▶ [RECORDS FOR THIS EXERCISE]

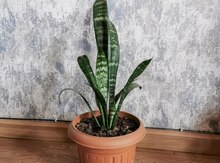 Sansevieria 
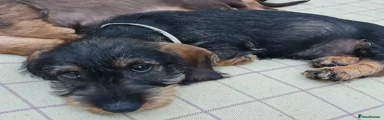 Dachshund 1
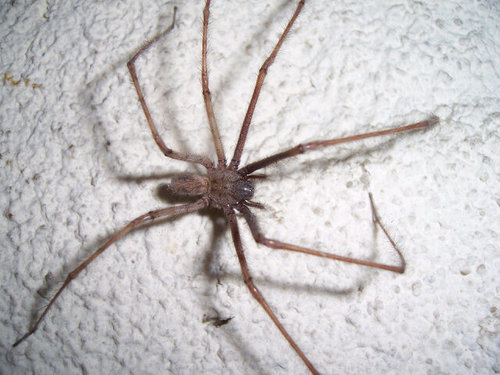 Je ne suis qu'une petite araignée, mais moi au moins, je peux tout voir. TOUT de chez Styles. #teamFSOS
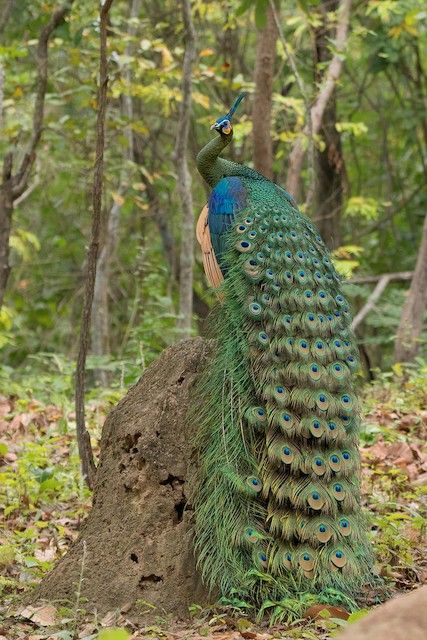 Male Phoebe Tattoo, Green Peafowl, Peacock Feather Decor, Group Of Seven Paintings, Snake Images, Peacock Images, Peacock Photos, Peacock Wallpaper, Verde Jade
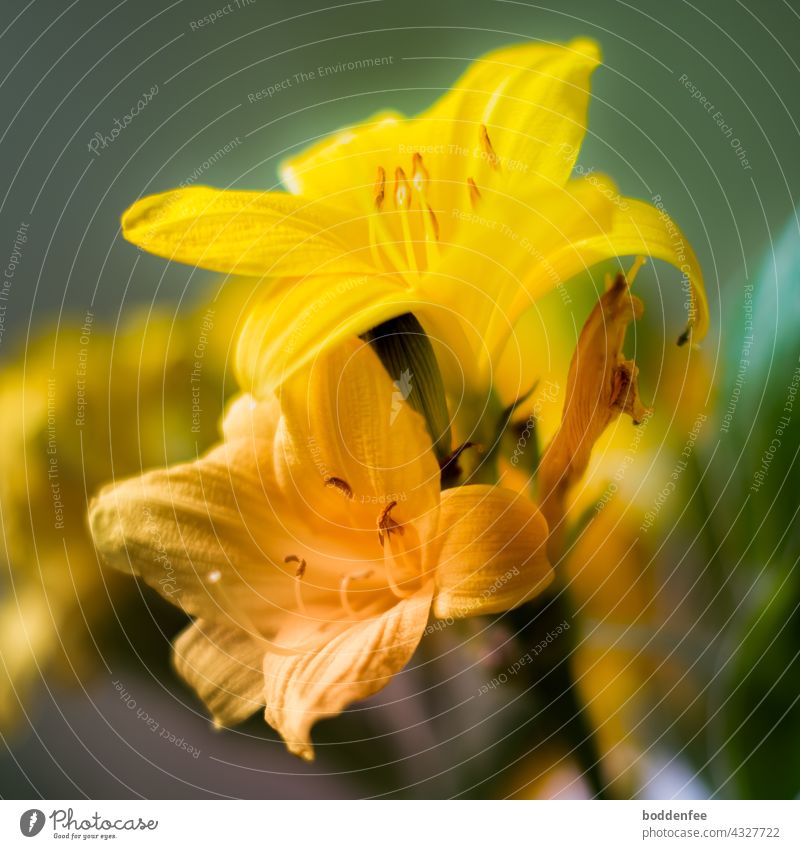 three flowering stages of a yellow daylily: fully bloomed, beginning to wilt and faded, close-up, blurred background, main colors are green, yellow-green and yellow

▶ [EXERCISE GOAL] All that's required is the material above repeated exactly, minus any picture.

▶ [COMPLETED EXERCISE]
 Sansevieria 
 Dachshund 1
 Je ne suis qu'une petite araignée, mais moi au moins, je peux tout voir. TOUT de chez Styles. #teamFSOS
 Male Phoebe Tattoo, Green Peafowl, Peacock Feather Decor, Group Of Seven Paintings, Snake Images, Peacock Images, Peacock Photos, Peacock Wallpaper, Verde Jade
 three flowering stages of a yellow daylily: fully bloomed, beginning to wilt and faded, close-up, blurred background, main colors are green, yellow-green and yellow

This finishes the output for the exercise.